Sánchez, Hernández, and Pérez, (2007a), affirm that:
Within the complexity of our current situation and in the sphere of
violence, there is a violence that operates blindly, that perverts the human
condition and the scope of the interrelation between men, it is a form of
social decadence that until now is It has given the category of threatening,
but it is also an indigence of the human heart that has become a hostility and
sharp indifference in front of other men ... (p.8).
The
authors state that; "This violence has its name: discrimination, which is
above all a social phenomenon, a situation of exclusion, of non-recognition,
but also, it is the result of moral indifference towards the other ..."
(Sánchez, Hernández, and Pérez, 2007b: p.9).
Now, in this discrimination that society
does, we must pay special attention to those that arise when a member of the
community is assigned a negative attribute, because it is oriented to
establish, as something normal, a classification that they intend to assign to
these individuals a lower value and group them in a category to pretend to keep
them outside the rights that as citizens correspond to them.

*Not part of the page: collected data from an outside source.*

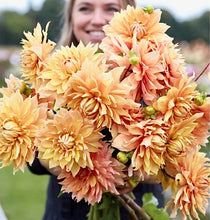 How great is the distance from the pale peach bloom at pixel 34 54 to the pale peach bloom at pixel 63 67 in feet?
0.25

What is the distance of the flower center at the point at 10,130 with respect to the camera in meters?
1.19

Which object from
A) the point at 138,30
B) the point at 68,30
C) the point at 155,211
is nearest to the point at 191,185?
the point at 155,211

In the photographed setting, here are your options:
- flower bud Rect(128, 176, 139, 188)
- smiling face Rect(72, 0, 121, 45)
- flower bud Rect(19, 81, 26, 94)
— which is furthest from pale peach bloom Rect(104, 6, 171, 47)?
smiling face Rect(72, 0, 121, 45)

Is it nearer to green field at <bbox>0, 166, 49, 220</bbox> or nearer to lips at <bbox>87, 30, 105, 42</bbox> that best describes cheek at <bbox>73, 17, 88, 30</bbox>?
lips at <bbox>87, 30, 105, 42</bbox>

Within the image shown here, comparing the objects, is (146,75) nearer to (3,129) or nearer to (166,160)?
(166,160)

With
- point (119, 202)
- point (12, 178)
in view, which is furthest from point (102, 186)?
point (12, 178)

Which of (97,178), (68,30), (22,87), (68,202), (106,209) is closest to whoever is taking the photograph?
(97,178)

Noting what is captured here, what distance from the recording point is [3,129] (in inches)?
47.9

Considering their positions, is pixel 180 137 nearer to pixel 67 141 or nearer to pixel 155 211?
pixel 67 141

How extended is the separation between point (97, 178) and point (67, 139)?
0.47ft

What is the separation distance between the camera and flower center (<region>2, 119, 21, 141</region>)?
3.92 feet

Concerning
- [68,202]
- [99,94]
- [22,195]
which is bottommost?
[22,195]

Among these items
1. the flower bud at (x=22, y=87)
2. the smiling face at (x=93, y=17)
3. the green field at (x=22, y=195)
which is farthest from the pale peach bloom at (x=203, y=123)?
the green field at (x=22, y=195)

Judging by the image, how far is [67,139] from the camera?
3.79 feet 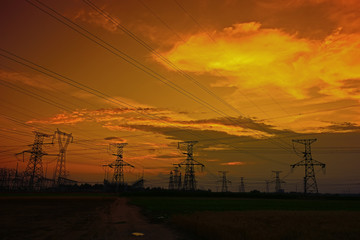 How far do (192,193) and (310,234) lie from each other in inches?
4114

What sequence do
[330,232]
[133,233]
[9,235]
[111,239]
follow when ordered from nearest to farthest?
[111,239] → [9,235] → [133,233] → [330,232]

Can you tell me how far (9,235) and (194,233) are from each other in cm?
1339

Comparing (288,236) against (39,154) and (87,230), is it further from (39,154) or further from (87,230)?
(39,154)

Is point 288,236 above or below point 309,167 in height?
below

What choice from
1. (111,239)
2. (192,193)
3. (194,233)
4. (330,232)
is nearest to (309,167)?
(192,193)

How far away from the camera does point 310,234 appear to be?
2217 centimetres

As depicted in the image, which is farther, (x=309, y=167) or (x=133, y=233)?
(x=309, y=167)

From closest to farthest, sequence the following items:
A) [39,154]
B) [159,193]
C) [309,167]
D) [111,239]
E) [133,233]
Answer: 1. [111,239]
2. [133,233]
3. [309,167]
4. [39,154]
5. [159,193]

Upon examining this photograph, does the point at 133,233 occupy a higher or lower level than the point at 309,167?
lower

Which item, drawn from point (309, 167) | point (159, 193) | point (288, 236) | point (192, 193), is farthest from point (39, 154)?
point (288, 236)

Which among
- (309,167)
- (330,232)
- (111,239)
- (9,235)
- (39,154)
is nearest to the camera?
(111,239)

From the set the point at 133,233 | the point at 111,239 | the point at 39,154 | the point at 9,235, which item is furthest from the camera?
the point at 39,154

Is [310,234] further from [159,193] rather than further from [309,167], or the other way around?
[159,193]

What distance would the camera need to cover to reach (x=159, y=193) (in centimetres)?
12262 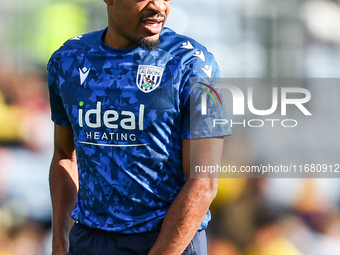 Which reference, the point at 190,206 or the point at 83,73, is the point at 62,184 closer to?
the point at 83,73

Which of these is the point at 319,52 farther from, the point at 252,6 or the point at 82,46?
the point at 82,46

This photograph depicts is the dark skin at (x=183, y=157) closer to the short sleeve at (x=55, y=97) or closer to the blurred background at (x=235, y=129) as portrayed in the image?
the short sleeve at (x=55, y=97)

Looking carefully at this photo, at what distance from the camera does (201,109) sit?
1.46 m

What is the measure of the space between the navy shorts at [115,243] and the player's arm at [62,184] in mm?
194

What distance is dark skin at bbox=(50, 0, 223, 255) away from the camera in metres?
1.44

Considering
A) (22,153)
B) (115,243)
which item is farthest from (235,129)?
(22,153)

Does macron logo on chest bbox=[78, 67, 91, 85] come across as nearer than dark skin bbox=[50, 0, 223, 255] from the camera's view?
No

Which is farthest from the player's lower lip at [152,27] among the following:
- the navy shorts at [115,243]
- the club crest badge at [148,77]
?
the navy shorts at [115,243]

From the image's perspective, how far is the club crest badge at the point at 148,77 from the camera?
1513 millimetres

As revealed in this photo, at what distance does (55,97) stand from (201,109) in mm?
725

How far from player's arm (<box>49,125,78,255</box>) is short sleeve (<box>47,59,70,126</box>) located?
0.14ft

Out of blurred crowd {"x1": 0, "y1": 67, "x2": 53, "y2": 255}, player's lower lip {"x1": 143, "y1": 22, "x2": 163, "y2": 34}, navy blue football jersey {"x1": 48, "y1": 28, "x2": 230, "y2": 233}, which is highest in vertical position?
player's lower lip {"x1": 143, "y1": 22, "x2": 163, "y2": 34}

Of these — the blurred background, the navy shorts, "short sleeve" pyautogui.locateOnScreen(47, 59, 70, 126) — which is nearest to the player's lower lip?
"short sleeve" pyautogui.locateOnScreen(47, 59, 70, 126)

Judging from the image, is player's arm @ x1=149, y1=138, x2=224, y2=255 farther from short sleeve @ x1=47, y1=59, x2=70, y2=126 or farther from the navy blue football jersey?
short sleeve @ x1=47, y1=59, x2=70, y2=126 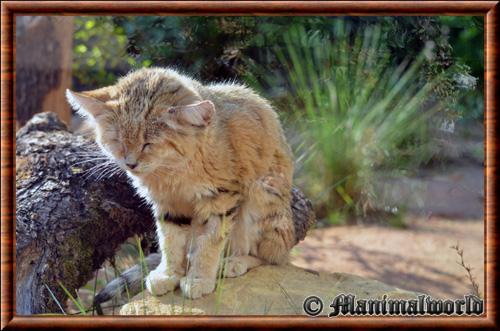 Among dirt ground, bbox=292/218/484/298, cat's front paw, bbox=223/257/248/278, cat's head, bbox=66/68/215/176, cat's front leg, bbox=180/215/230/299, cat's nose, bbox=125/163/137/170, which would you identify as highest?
cat's head, bbox=66/68/215/176

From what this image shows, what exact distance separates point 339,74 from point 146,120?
168 centimetres

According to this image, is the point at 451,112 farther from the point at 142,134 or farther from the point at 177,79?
the point at 142,134

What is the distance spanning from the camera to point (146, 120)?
2.49m

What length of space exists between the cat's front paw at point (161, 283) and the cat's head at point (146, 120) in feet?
1.86

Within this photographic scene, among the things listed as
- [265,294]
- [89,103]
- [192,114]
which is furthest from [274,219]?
[89,103]

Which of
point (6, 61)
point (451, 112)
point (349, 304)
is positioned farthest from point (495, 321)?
point (6, 61)

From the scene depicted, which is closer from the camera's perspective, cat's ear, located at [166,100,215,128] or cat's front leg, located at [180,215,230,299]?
cat's ear, located at [166,100,215,128]

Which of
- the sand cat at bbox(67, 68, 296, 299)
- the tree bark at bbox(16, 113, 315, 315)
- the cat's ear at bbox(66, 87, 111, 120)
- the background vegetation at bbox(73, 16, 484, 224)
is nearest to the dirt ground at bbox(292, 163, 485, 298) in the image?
the background vegetation at bbox(73, 16, 484, 224)

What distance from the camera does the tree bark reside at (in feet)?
9.14

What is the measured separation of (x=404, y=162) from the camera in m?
4.33

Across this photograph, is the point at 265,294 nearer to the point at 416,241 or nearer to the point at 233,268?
the point at 233,268

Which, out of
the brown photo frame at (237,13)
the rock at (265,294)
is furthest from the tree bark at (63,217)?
the rock at (265,294)

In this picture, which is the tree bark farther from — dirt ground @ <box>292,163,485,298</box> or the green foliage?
dirt ground @ <box>292,163,485,298</box>

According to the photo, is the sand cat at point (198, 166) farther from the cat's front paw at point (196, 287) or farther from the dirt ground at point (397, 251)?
the dirt ground at point (397, 251)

In this sense, it is vital to ask
ourselves who are the harmed ones because the answer seems to be evident, the
weakest of whom we can form prejudices that in many cases are negative.
However, society does not act in spite of discrimination in groups by
specifically responding to one. In the social fabric all the groups interact
and it is these relationships that really define the amalgamated character of a
society.
Baron and Byrne (2005a), in their book
Social Psychology, reveal that:
A
person with prejudices towards a particular social group will evaluate its members
in a particular way (usually negative), simply because of belonging to this
group. Individual traits or behaviors play a trivial role; the members of this
social group dislike (or please, very rarely) because they belong to a specific
group. On the other hand, discrimination refers to negative actions towards
groups that are victims of prejudice (p.217).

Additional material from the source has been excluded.